[Records excerpted from a collection]
━━━━━━━━━━━━━━━━

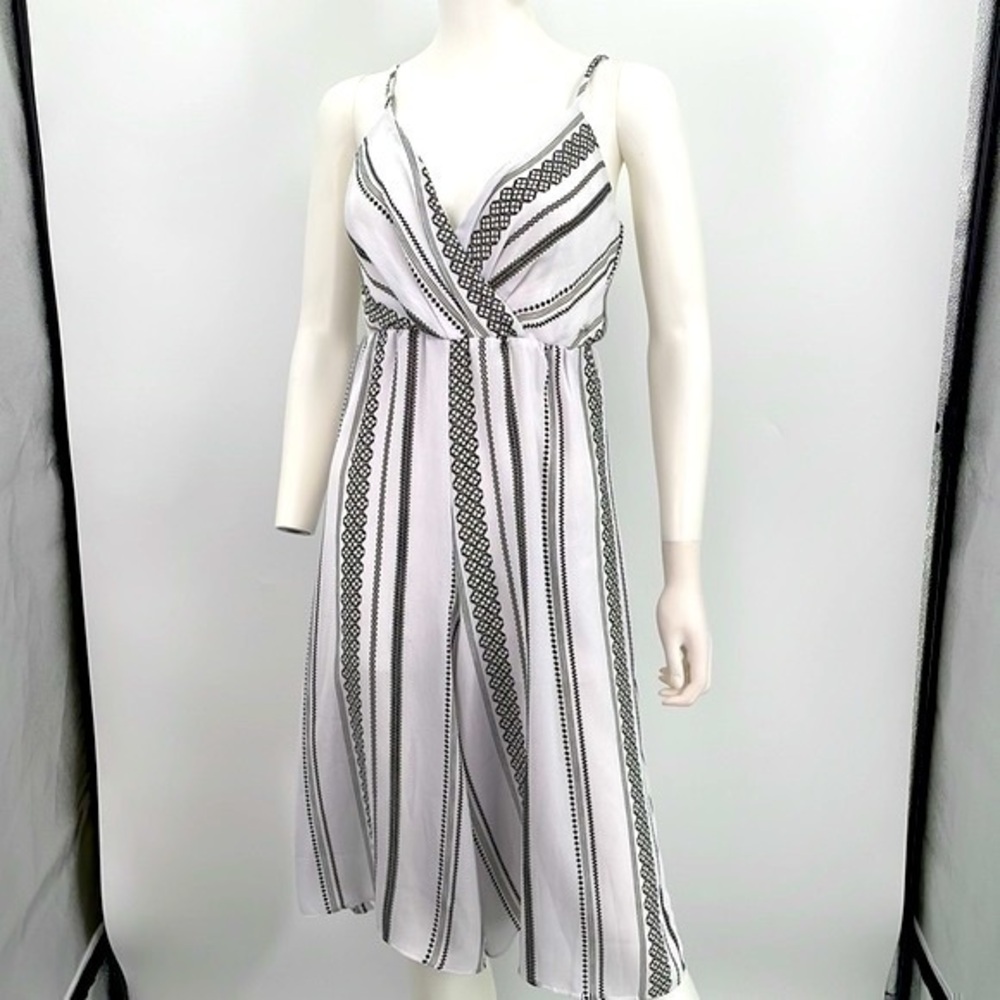 UEC Guess black & white cropped wide leg romper with side slits size XS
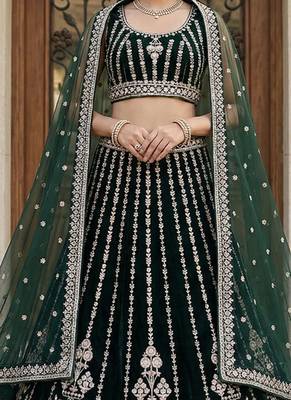 Designer Bollywood Style Wedding Wear Lehenga Choli 1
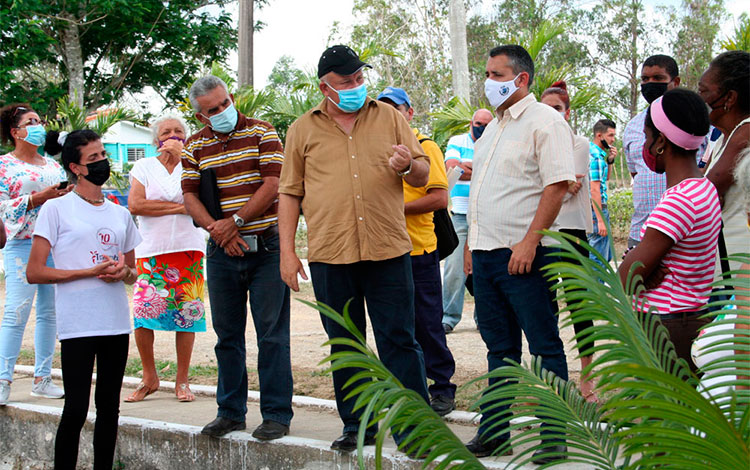 Vice primer ministro Jorge Luis Tapia intercambia con habitantes de la comunidad vulnerable Roberto Rodrí­guez, en Placetas.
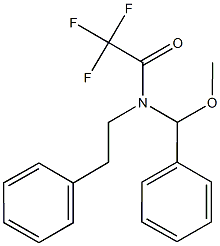 2,2,2-trifluoro-N-[methoxy(phenyl)methyl]-N-(2-phenylethyl)acetamide Struktur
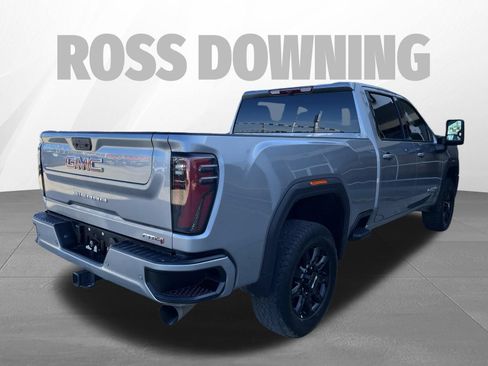 Used 2025 GMC Sierra 2500 AT4 AWD/4WD image 4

━━━━━━━━━━━━━━━━

▶ _PROBLEM DETAILS_
Your task is a word-for-word transcription of the entries, leaving out all pictures.

▶ _EXERCISE RESPONSE_
 UEC Guess black & white cropped wide leg romper with side slits size XS
 Designer Bollywood Style Wedding Wear Lehenga Choli 1
 Vice primer ministro Jorge Luis Tapia intercambia con habitantes de la comunidad vulnerable Roberto Rodrí­guez, en Placetas.
 2,2,2-trifluoro-N-[methoxy(phenyl)methyl]-N-(2-phenylethyl)acetamide Struktur
 Used 2025 GMC Sierra 2500 AT4 AWD/4WD image 4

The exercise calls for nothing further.